- EXTRACTED DATA
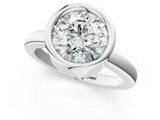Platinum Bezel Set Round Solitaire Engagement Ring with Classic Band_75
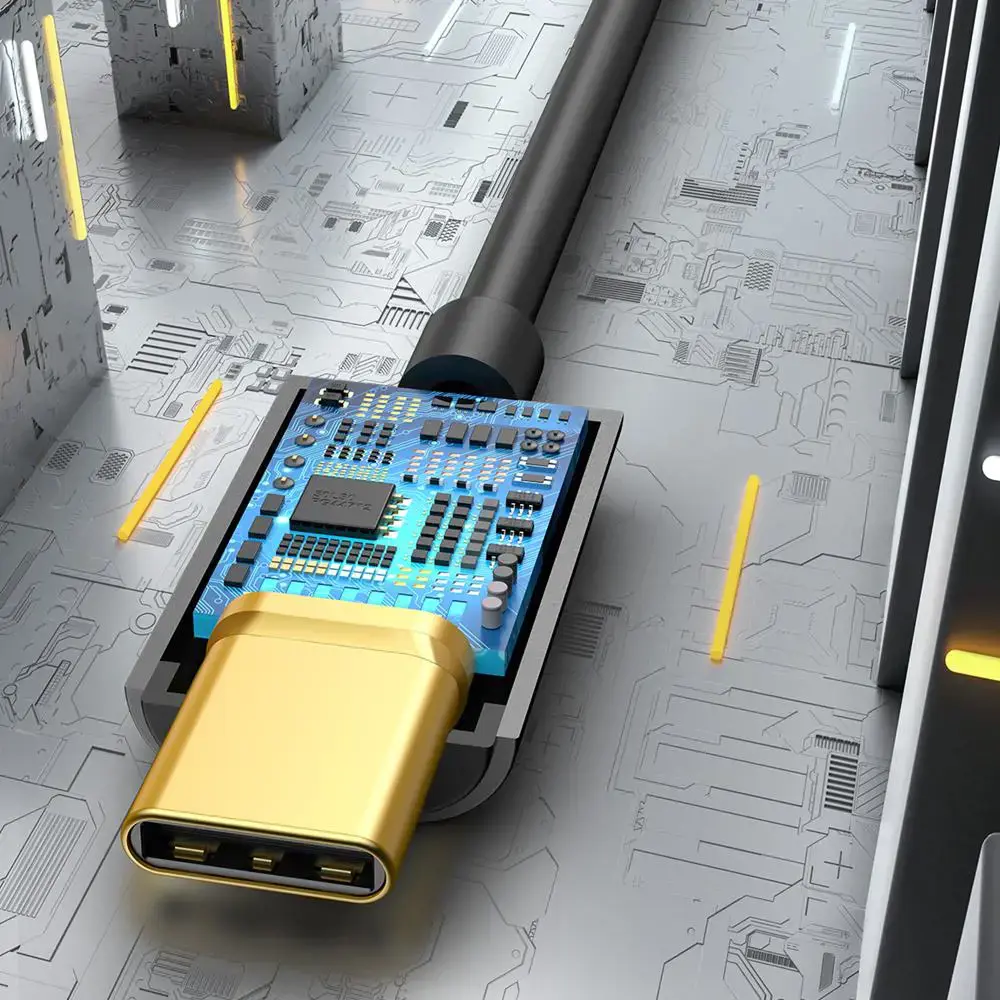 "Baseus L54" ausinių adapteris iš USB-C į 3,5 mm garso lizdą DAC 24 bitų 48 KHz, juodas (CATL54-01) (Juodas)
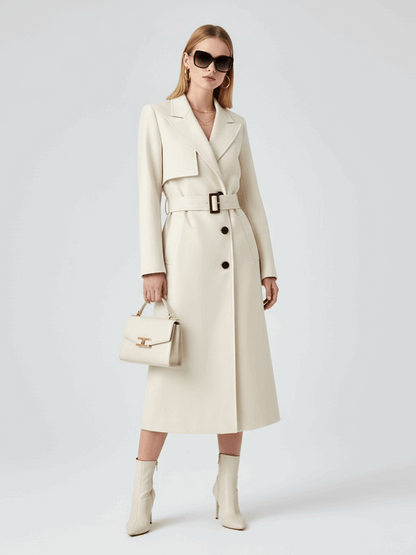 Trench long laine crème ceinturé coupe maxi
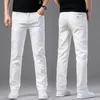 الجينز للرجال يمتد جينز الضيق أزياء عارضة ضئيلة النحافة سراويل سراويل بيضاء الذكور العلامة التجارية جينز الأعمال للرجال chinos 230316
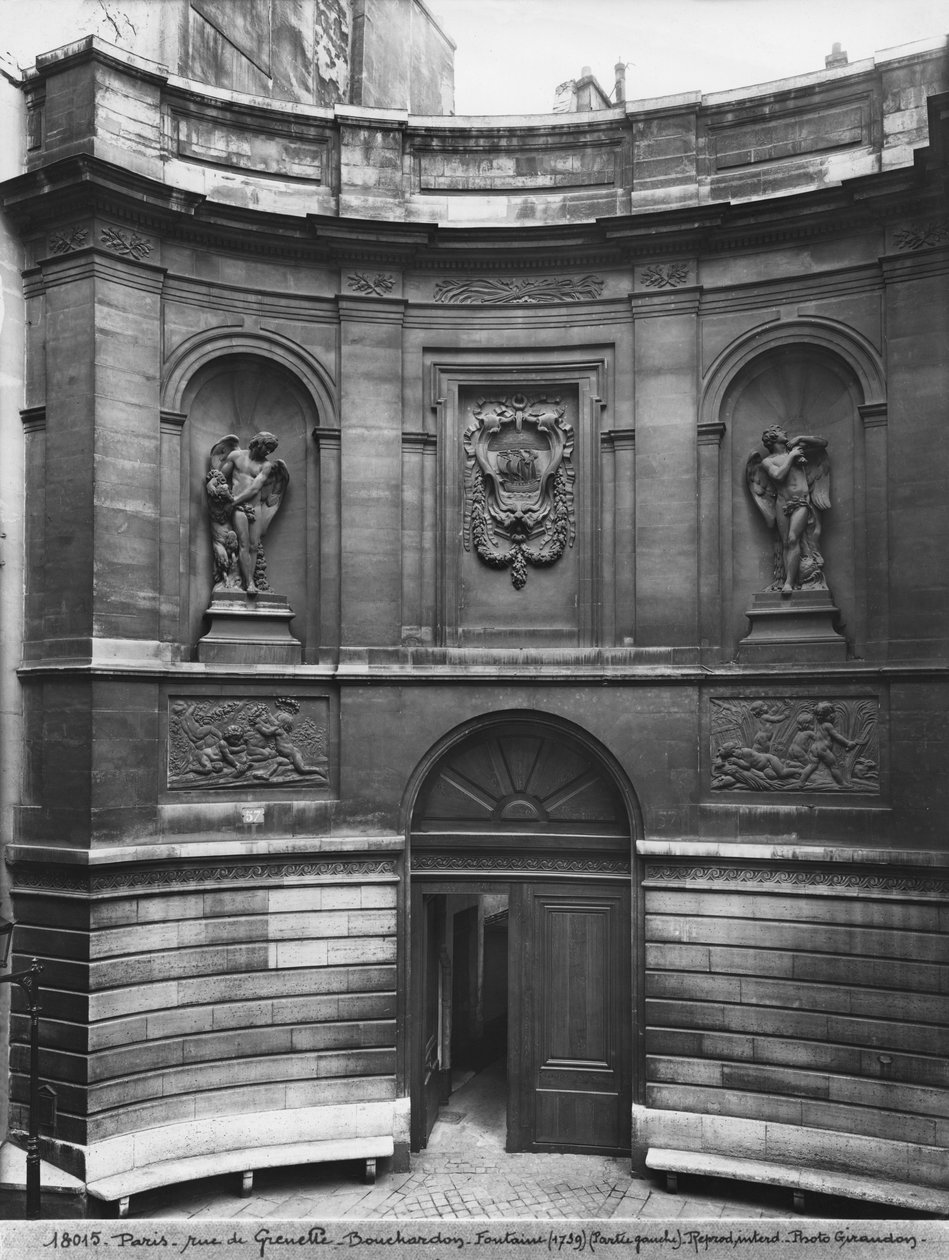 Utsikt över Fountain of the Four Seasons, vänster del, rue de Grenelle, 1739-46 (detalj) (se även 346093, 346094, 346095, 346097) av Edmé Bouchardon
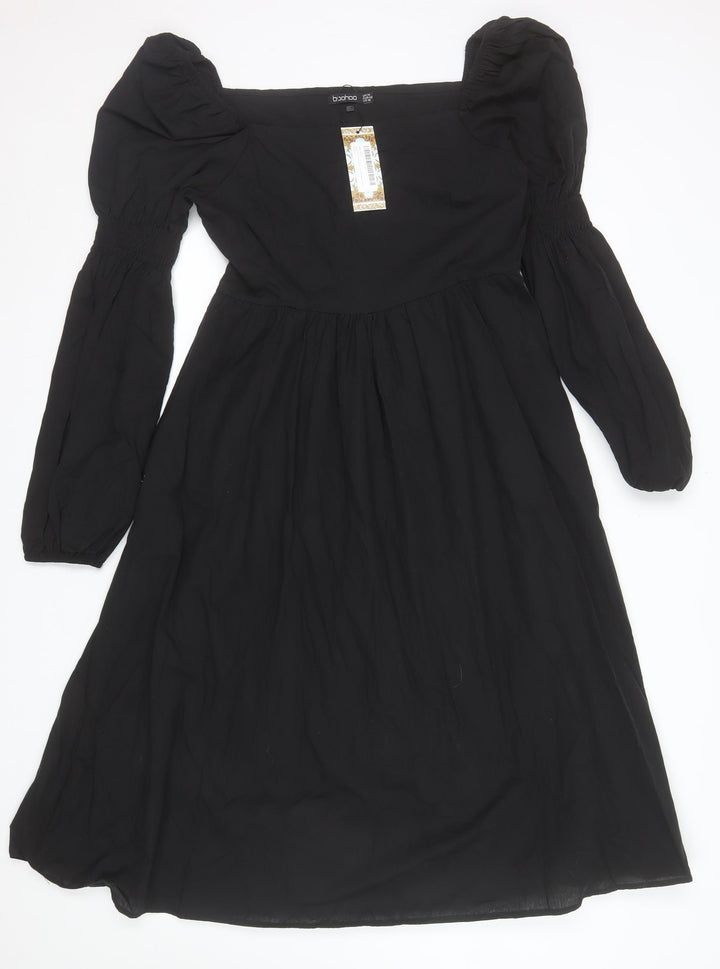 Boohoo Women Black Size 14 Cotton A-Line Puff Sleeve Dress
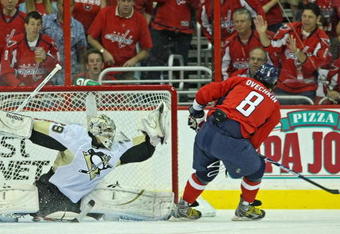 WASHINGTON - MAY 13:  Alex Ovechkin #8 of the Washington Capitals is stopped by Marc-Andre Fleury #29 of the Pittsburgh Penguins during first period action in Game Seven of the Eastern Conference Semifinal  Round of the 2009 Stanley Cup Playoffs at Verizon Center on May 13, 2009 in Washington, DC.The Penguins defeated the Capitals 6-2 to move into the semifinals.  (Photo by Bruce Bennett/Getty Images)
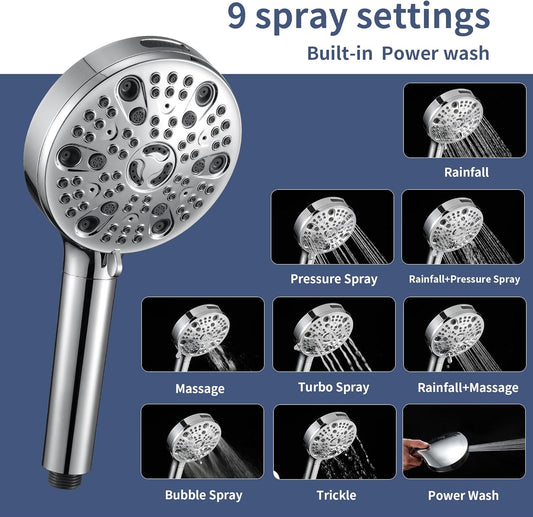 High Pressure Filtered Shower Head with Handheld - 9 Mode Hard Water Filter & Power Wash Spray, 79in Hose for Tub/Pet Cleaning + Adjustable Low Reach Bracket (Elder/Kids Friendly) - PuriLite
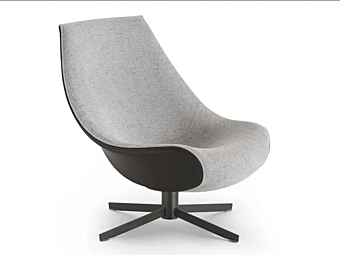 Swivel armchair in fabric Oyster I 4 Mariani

- EXERCISE
Exactly reproduce the entries above, minus the pictures.

- TASK RESPONSE
Platinum Bezel Set Round Solitaire Engagement Ring with Classic Band_75
 "Baseus L54" ausinių adapteris iš USB-C į 3,5 mm garso lizdą DAC 24 bitų 48 KHz, juodas (CATL54-01) (Juodas)
 Trench long laine crème ceinturé coupe maxi
 الجينز للرجال يمتد جينز الضيق أزياء عارضة ضئيلة النحافة سراويل سراويل بيضاء الذكور العلامة التجارية جينز الأعمال للرجال chinos 230316
 Utsikt över Fountain of the Four Seasons, vänster del, rue de Grenelle, 1739-46 (detalj) (se även 346093, 346094, 346095, 346097) av Edmé Bouchardon
 Boohoo Women Black Size 14 Cotton A-Line Puff Sleeve Dress
 WASHINGTON - MAY 13:  Alex Ovechkin #8 of the Washington Capitals is stopped by Marc-Andre Fleury #29 of the Pittsburgh Penguins during first period action in Game Seven of the Eastern Conference Semifinal  Round of the 2009 Stanley Cup Playoffs at Verizon Center on May 13, 2009 in Washington, DC.The Penguins defeated the Capitals 6-2 to move into the semifinals.  (Photo by Bruce Bennett/Getty Images)
 High Pressure Filtered Shower Head with Handheld - 9 Mode Hard Water Filter & Power Wash Spray, 79in Hose for Tub/Pet Cleaning + Adjustable Low Reach Bracket (Elder/Kids Friendly) - PuriLite
 Swivel armchair in fabric Oyster I 4 Mariani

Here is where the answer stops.